C’est aussi une leçon d’humilité : les estimations moyennes nous parlent de prix inférieurs à ceux des montres contemporaines. A quelques exceptions près, ces estimations [mais ont-elles une valeur, ce genre d’objets manquant totalement de références récentes ?] tournent autour de 20 000 euros, avec des pointes à 200 000 euros pour des objets historiquement décisifs et presque aussi sûrement uniques. C’est abordable, mais que de réflexions sur des pièces qui ont dû à leur époque coûter si cher qu’on se sentait obligé de les faire figurer sur ses portraits d’identité : quatre siècles plus tard, l’investissement doit être décevant.

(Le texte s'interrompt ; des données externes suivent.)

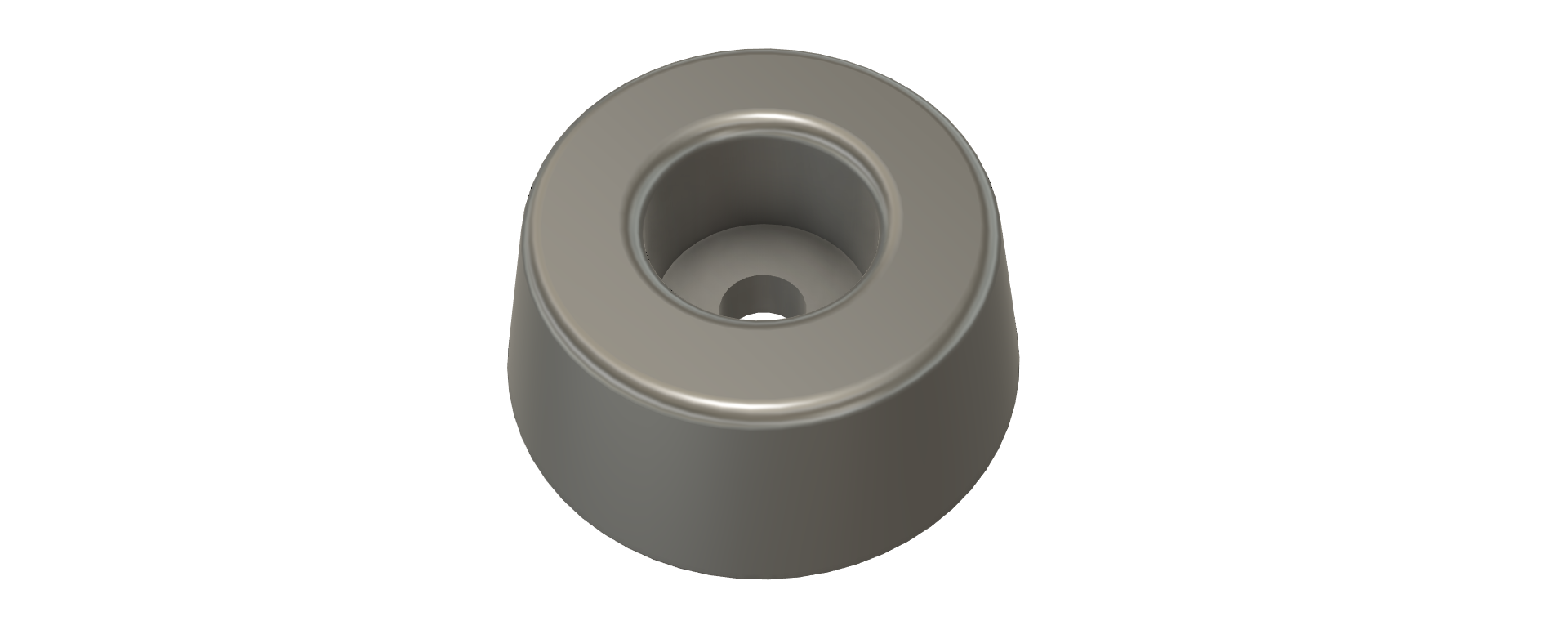 Furniture Rubber Foot - TPU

Ce qui ne veut pas dire que ces horloges partiront au prix de l’estimation. Quatre siècles d’histoire au même prix que quatre ans de « nouvelle horlogerie » : on verra le 24 mai où se situe l’équilibre – à l’intérieur même du mouvement de rééquilibrage généré par la crise… En attendant, plaisir des yeux pour tout le monde et visite obligatoire pour les heureux amateurs présents à Genève ce week-end.

••• TOUTE LA QUESTION DE LA VENTE PATRIZZI TOURNE autour d’une problématique très simple : existe-t-il encore, un siècle et demi après la précédente grande vente d’horloges de la Renaissance, un nouveau public pour ce genre de pièces ?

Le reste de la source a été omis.